By RON MELUGIN
Although I have personal experiences attending a multitude of football games, a few track meets, and jogging and walking countless laps (the latter which have stimulated my "creative juices") at Leeper Stadium, I want to offer a little bit on information about the birth of Leeper Stadium.
At a Gainesville School Board meeting on February 3, 1925, Dr. C. R. Johnson, board member announced that J. D. Leeper would donate "sufficient funds to erect a handsome and substantial stadium on the High School Athletic Grounds." Leeper's offer was enthusiastically accepted by a unanimous board vote of Dr. Johnson, J. H. Johnson, C. E. Marshall, J. A. Atchison, and L. W. Kuser.

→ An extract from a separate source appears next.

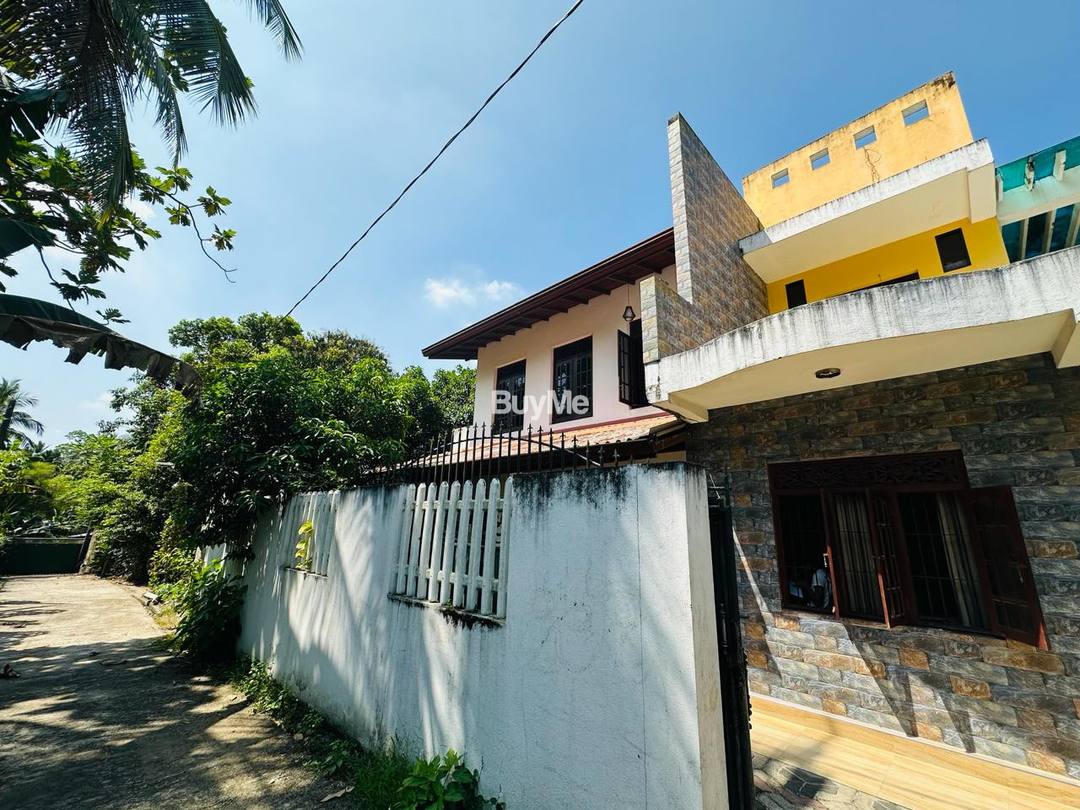 Newly Built Luxury 2 story house for sale in Kadawatha (S311)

James D. Leeper and his brother Graves founded Leeper Brothers Lumber Company in the late 1800s. The Gainesville lumber company was located on Chestnut Street in downtown, but this successful lumber company also had locations in Bowie, Denison, Decatur, and Oklahoma. Leeper was also a co-founder of Hesperian Building and Savings Association. His wife Nettie was a founder of the XLI Club, a women's literary and cultural club patterned after a similar club in Denison. It was a long-time promoter of cultural activities in Gainesville.

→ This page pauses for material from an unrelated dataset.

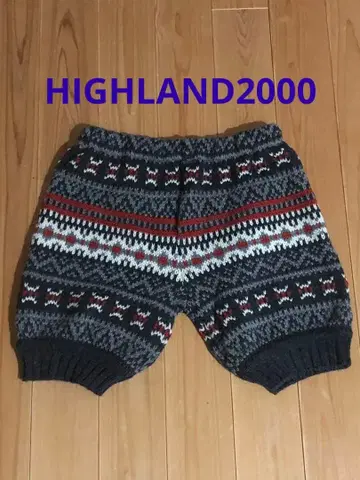 HIGHLAND 2000 숏팬츠 울 노르딕 무늬 잉글랜드제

The new stadium was promptly built. The Gainesville Register pronounced it "one of the finest high school athletic fields in the state," although it featured a grandstand only on the east side of the field." An ornamental fence surrounded the stadium. A high school athletic council would raise money for lights in 1932.
The dedication of the stadium occurred on the afternoon of Friday, October 9, 1925, during the Cooke County Fair, and prior to the kickoff of the inaugural football game between the Gainesville maroon and white Leopards and the Cleburne Yellow Jackets.The dedication ceremonies featured the thirty-piece Gainesville High School Band. Dr. C. R. Johnson presided over the ceremonies in which J. D. Leeper presented his stadium to the City of Gainesville and Gainesville school system. Back then Gainesville schools were operated by the city. The school board was appointed by the city council, and Leeper Stadium was on land owned by the city. Mayor J. Z. Keel accepted the stadium on behalf of the city. Superintendent of Gainesville schools and President of Gainesville Junior College accepted the stadium on behalf of the school system. H. O. McCain, high school principal, accepted on behalf of the high school.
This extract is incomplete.